> **Exercise aim**:
Output the data unchanged and complete, minus the images.

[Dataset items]
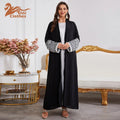 Wholesale Women Abaya Dresses Embroidery Plus Size New Design Burqa Coat Abaya Kimono Open Abaya for Muslim Women
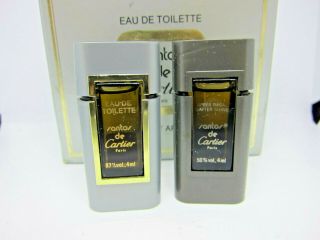Cartier Santos de Cartier 2 x 4 ml mini Toilette EDT & After Shave set 19Dec73 - T 2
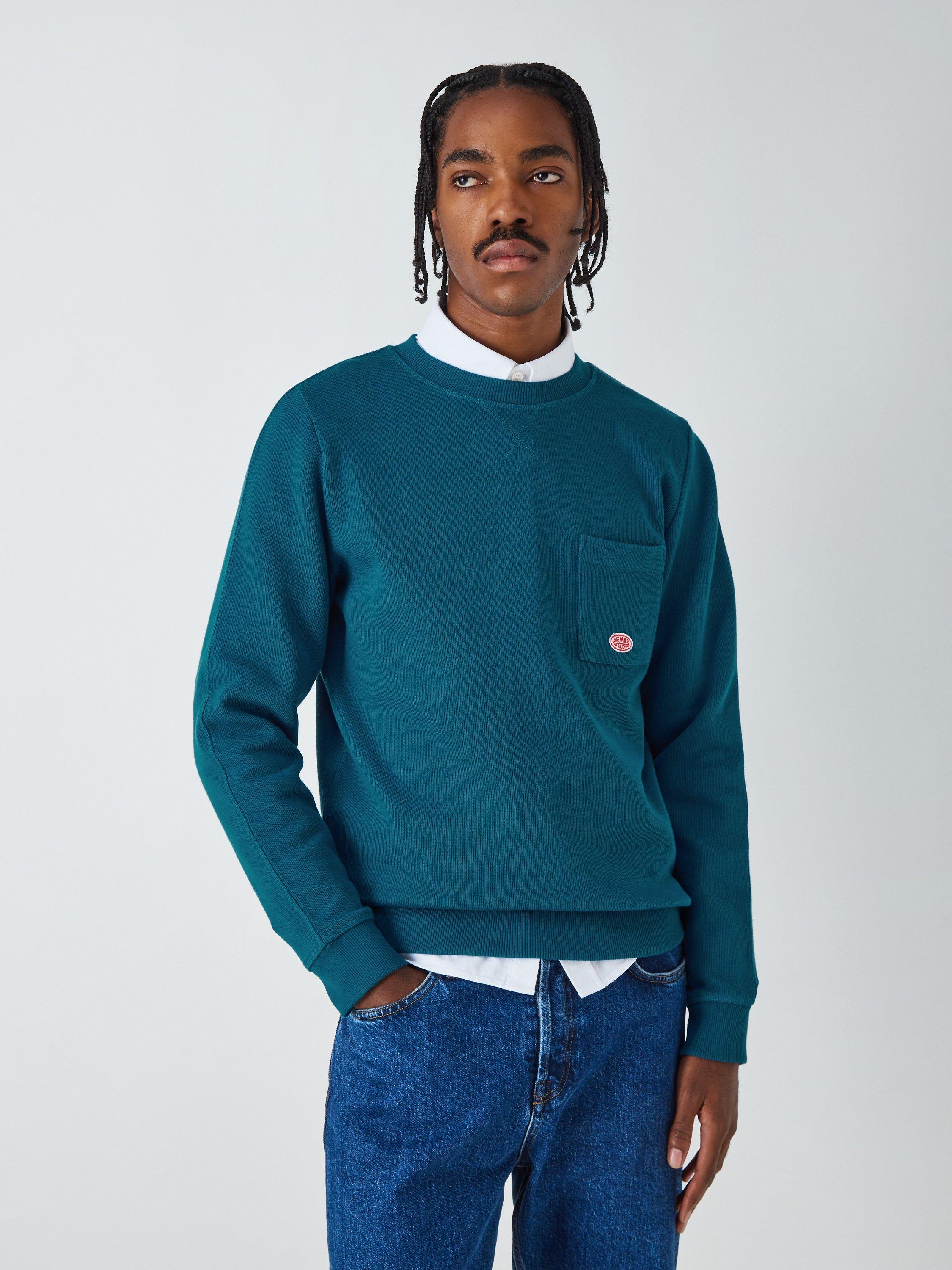Armor Lux Cotton Sweatshirt, Bleu Glacial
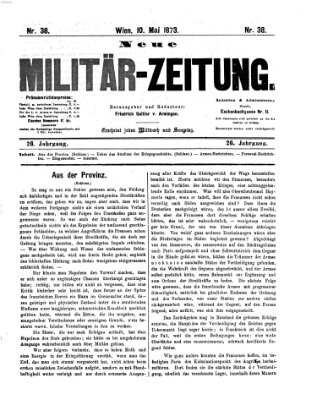 Neue Militär-Zeitung (Militär-Zeitung) Samstag 10. Mai 1873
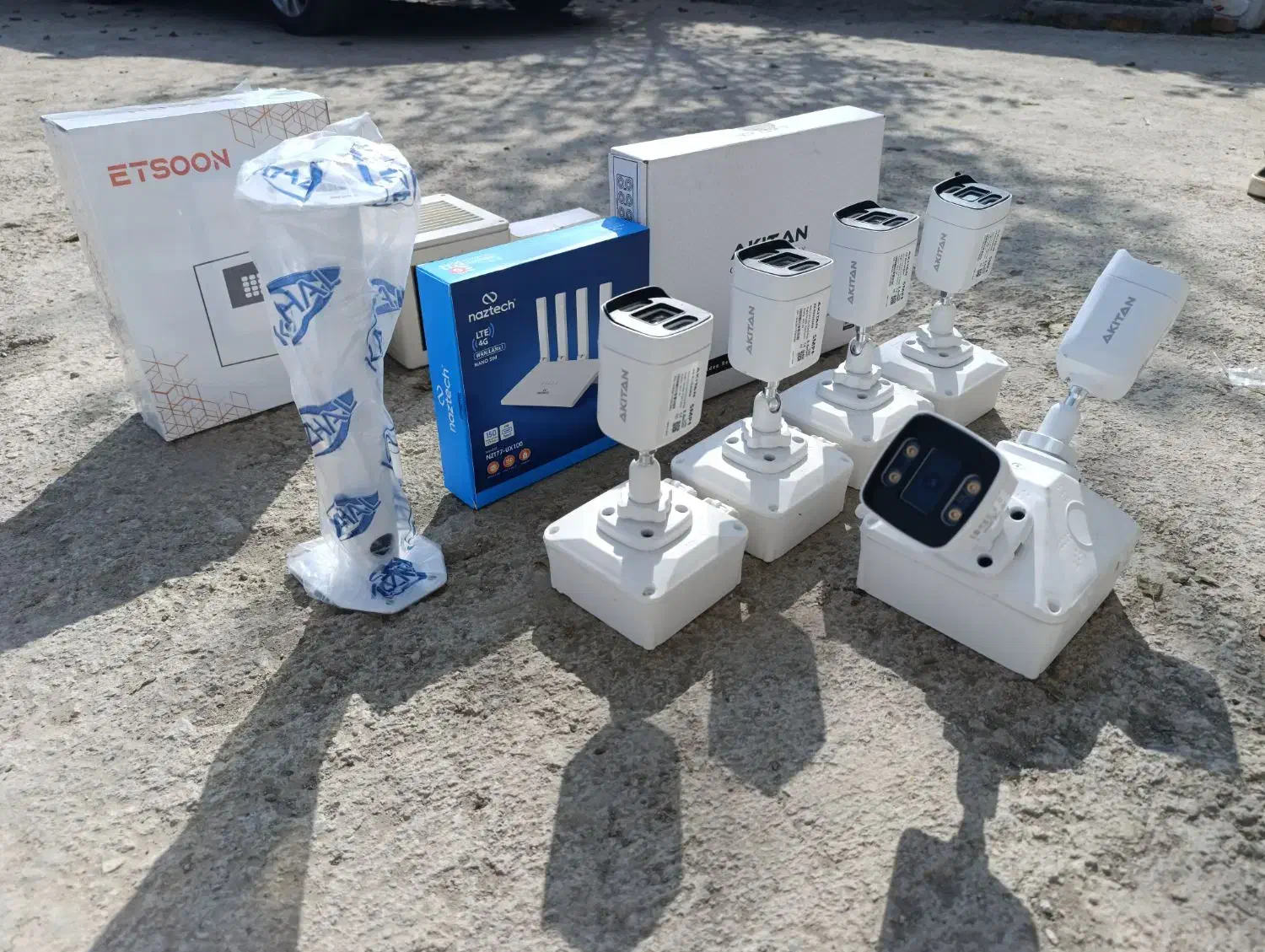 نصب دوربین مداربسته ، دزدگیر ، کرکره برقی|دوربین مداربسته|ساری, |دیوار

> **Expected answer**:
 Wholesale Women Abaya Dresses Embroidery Plus Size New Design Burqa Coat Abaya Kimono Open Abaya for Muslim Women
Cartier Santos de Cartier 2 x 4 ml mini Toilette EDT & After Shave set 19Dec73 - T 2
Armor Lux Cotton Sweatshirt, Bleu Glacial
 Neue Militär-Zeitung (Militär-Zeitung) Samstag 10. Mai 1873
 نصب دوربین مداربسته ، دزدگیر ، کرکره برقی|دوربین مداربسته|ساری, |دیوار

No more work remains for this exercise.